By Diego Ore and Marianna Parraga

CARACAS (Reuters) - Supporters of Venezuela's socialist leader Hugo Chavez began setting off fireworks and partying in the street on Sunday night in anticipation of victory over opposition challenger Henrique Capriles in the presidential election.

Various aides to Chavez published celebratory messages on Twitter, while some Capriles supporters began crying at his campaign center, Reuters witnesses said.

"Perfect victory! The fatherland has won," Tweeted Interior Minister Tareck el Aissami.

Various sources on both sides told Reuters that they believed Chavez had won.

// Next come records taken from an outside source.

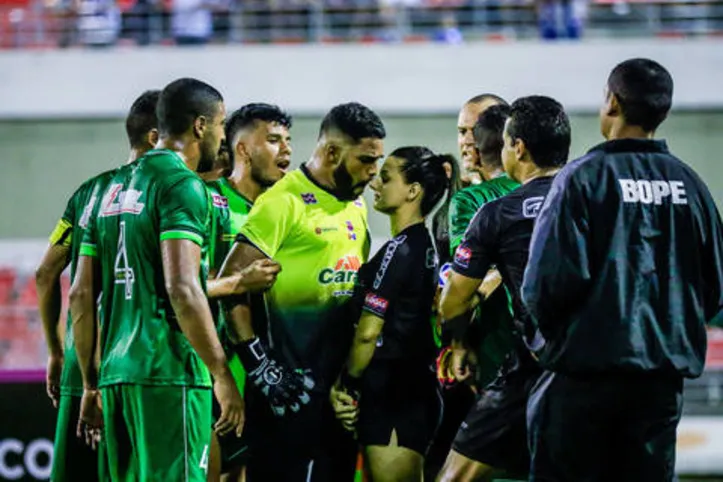 MACEIO, AL, 31/01/2019: CSA X MURICI. CSA x Murici se enfrentaram pela terceira rodada do Campeonato Alagoano 2019. A partida aconteceu no Estádio Rei Pelé, em Maceió. Durante a partida, jogador tentou se impor sob a assistente de arbitragem quando ela confirmou um gol do CSA
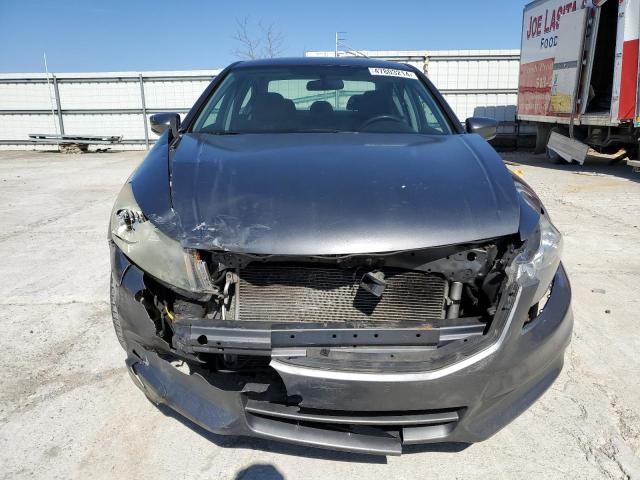 Photo 4 VIN: 1HGCP2F47CA204101 - HONDA ACCORD 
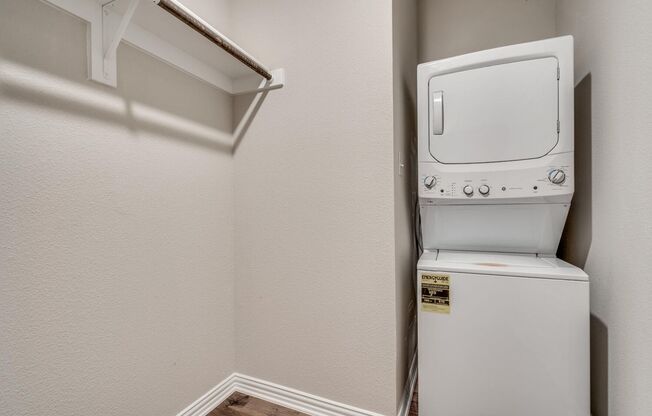 2 beds, 2 baths, 837 sqft, $1,750, Unit 3213T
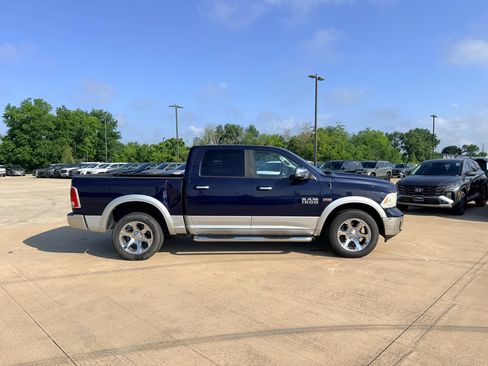 Used 2015 RAM 1500 Laramie w/ Convenience Group AWD/4WD image 4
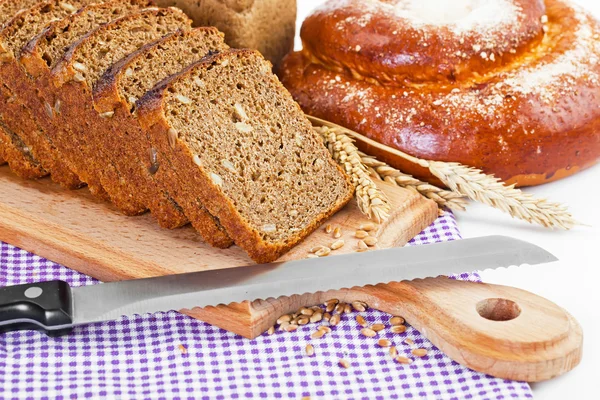 Szeletelt barna kenyér — Stock Fotó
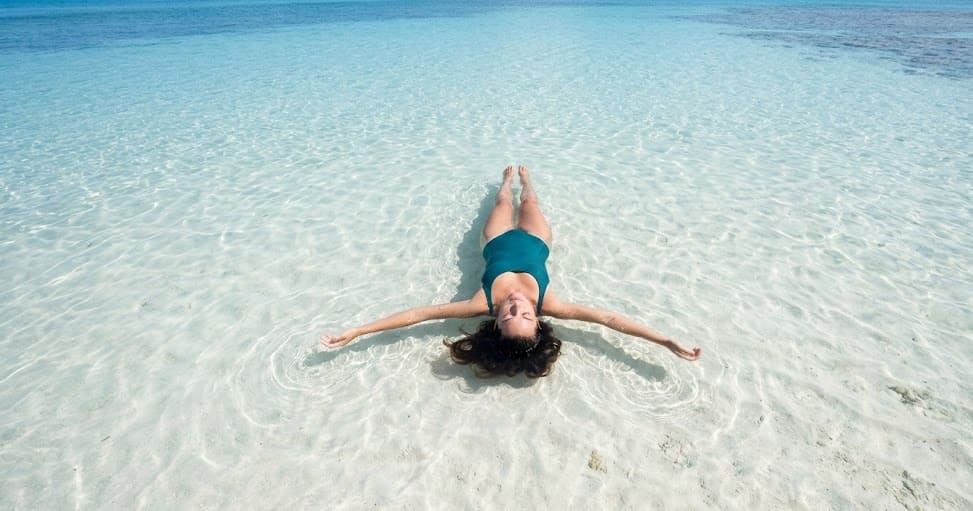 Luxury Yacht Charter in Road Town: A Sunreef Boat Rental in the British Virgin Islands for an All-Inclusive Charter Vacation 10 samboat sunref 8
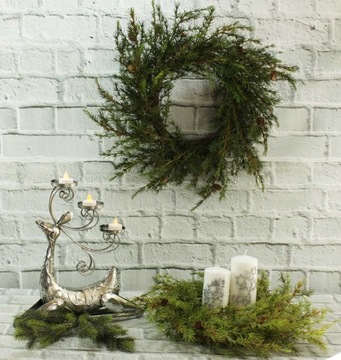 Большой металлический поезд на Рождество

But there was no confirmation from election authorities who have stressed it is illegal to declare victory before an official announcement.

An energetic campaign by centrist state governor Henrique Capriles, 40, united the opposition and turned him into its best chance in 14 years to unseat the popular president and take the reins of South America's leading oil exporter.

Chavez has used record oil revenue to support ideological allies around the world while preaching a fiercely anti-Washington line, so the election is being watched eagerly from the United States to Belarus and Iran.

"I urge the country to be calm and patient," Chavez said in a phone call to his campaign headquarters.

"Nobody should succumb to provocations, no violence, let's wait for the result."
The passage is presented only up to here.